- [Required work]:
Each line from the one with "I'm going to" through the last line of the material is to be printed exactly; no other line and no picture belongs in the copy.

- [Dataset content]:
• • •
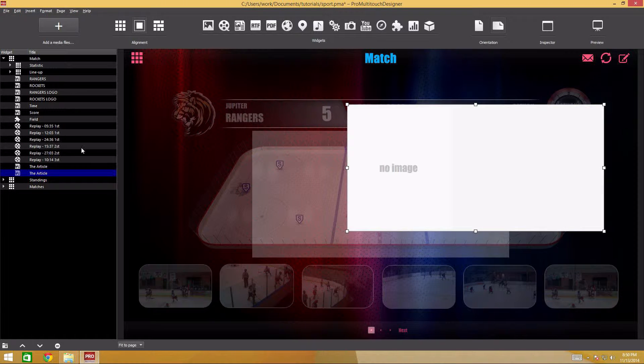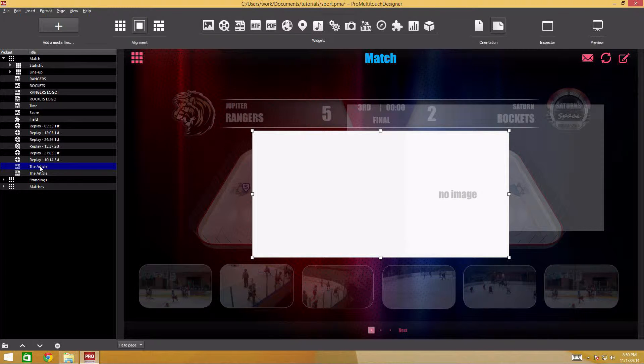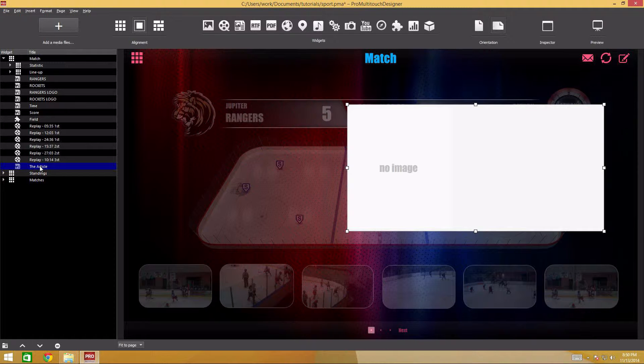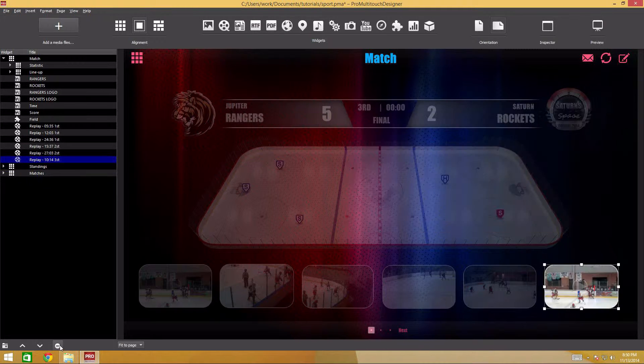To delete a widget, select a widget in the sidebar and press delete, or click the delete selection button at the sidebar bottom.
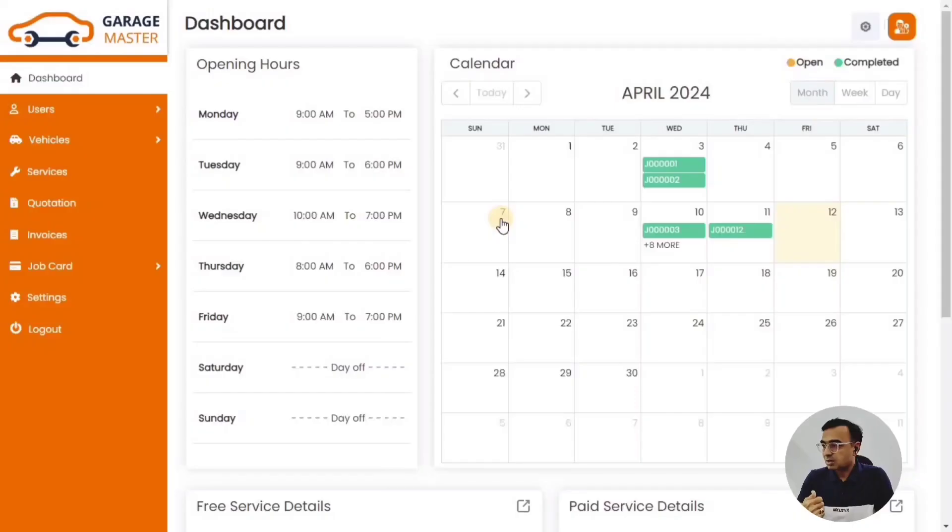Hello friends, welcome to our channel. Do subscribe if you have not already. Today we are going to see how the customer journey works in Garage Master, right from the vehicle booking for the service till the payment. We'll see the whole flow of Garage Master, so stay with me and let's see how it works.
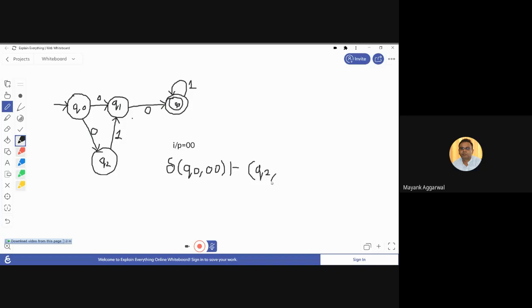We have taken the wrong path for practice. The next state is q2 and the remaining input is 0. Now on q2 when 0 comes, there is no possible move, so we say we have reached the wrong path and the string would not be accepted. Remember this is the mistake which happens in examinations — on q2 when 0 comes there is no further move possible and we conclude that the string is not accepted, but actually the string was accepted. We took the wrong path and landed at a wrong result.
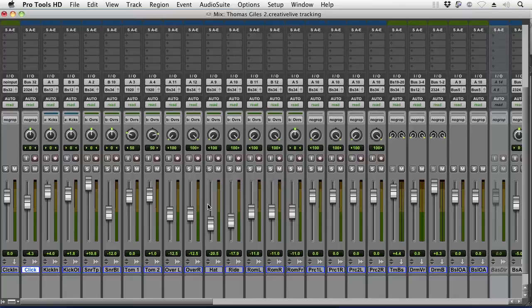But first we need to check the gain structures and make sure we've got good healthy gain structures. I'm not sure how many people out there are actually using Pro Tools, but pretty much all the DAWs are similar in that they have a yellow area — red usually means you're clipping out, green means it's on the lower side.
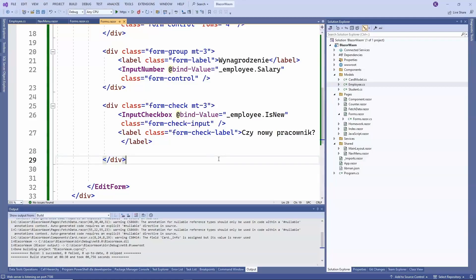Another popular component is InputSelect, which allows us to choose a specific item from a list of items. It is very often used in controls, so it is worth knowing how to implement it. We will want to give the user the ability to select a position for an employee, but only from a list of available positions.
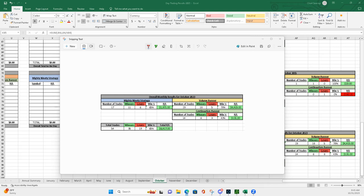What is up, everyone? Happy end of October. I'm putting a bow on it. It's the last trading day in October. So, how did we do?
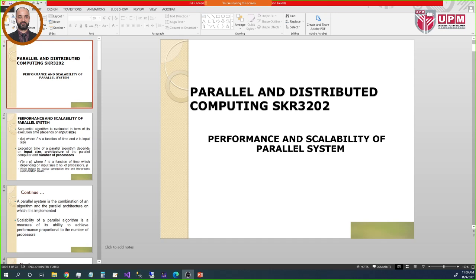Assalamu alaikum warahmatullah and good morning, welcome to my class on distributed and parallel computing. You will find all videos on my YouTube channel, so don't forget to subscribe and click the bell to receive all updates. Today our class is about parallel and distributed computing performance and scalability.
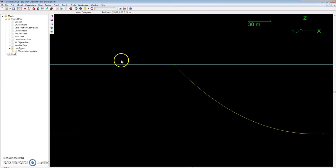That should conclude this tutorial on how to calculate a simple catenary curve in OrcaFlex. If you have any questions, feel free to leave comments below. Thank you.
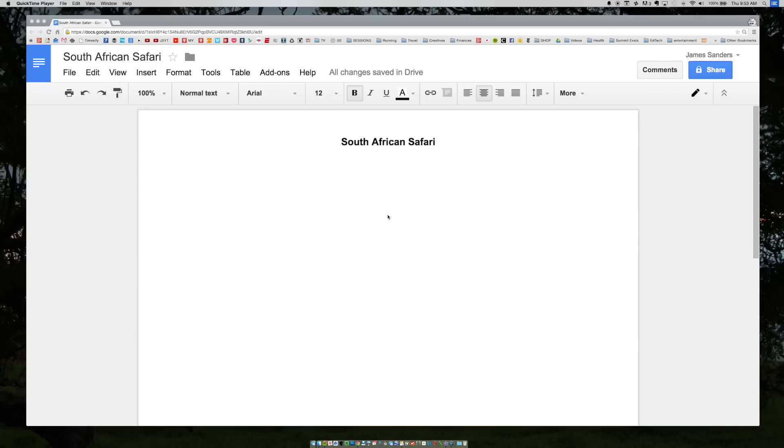Now it's time to dig into the Google Docs research tool. This is a recent addition to the Google Docs suite and it's an amazingly powerful tool. Here I'm creating a document all about a South African safari.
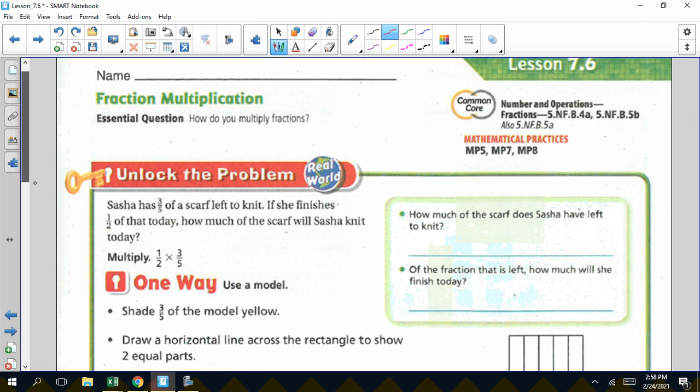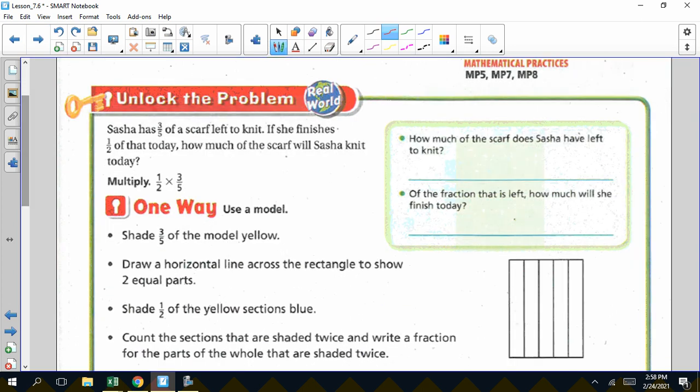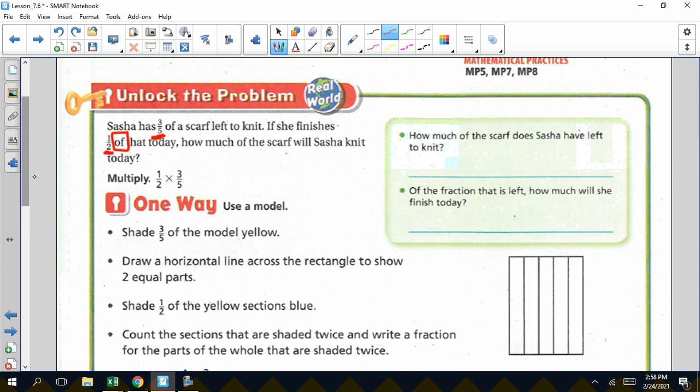Looking at the first question, it says Sasha has three fifths of a scarf left to knit. If she finishes half of that today, how much of the scarf will Sasha knit today? She has three fifths of the scarf left to knit, and she's going to do half of that today. The key word is 'half of three fifths.' The word 'of' means to multiply, so we're going to do one half times three fifths.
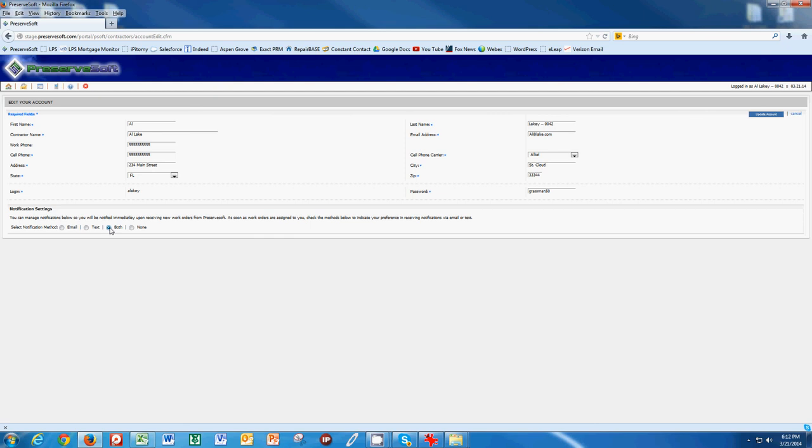We also give you the address and the ability to map it directly from that notification so you can see where that work order is. And we give you the work order details so that in the case you're maybe near that job or going to pass it on your way home, you can finish it then instead of not having to go back the next day.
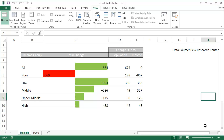I'm going to show you how to create an in-cell butterfly chart. A butterfly chart, basically, is a bar chart that goes horizontally, but it spreads out in different directions. In this example, it spreads out on the right side for positive values and to the left side for negative values.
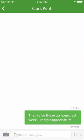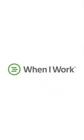For more information, check out the When I Work Help Center at help.wheniwork.com.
• • •
- [Exercise result]:
I'm going to show you how to create an in-cell butterfly chart. A butterfly chart, basically, is a bar chart that goes horizontally, but it spreads out in different directions. In this example, it spreads out on the right side for positive values and to the left side for negative values.
For more information, check out the When I Work Help Center at help.wheniwork.com.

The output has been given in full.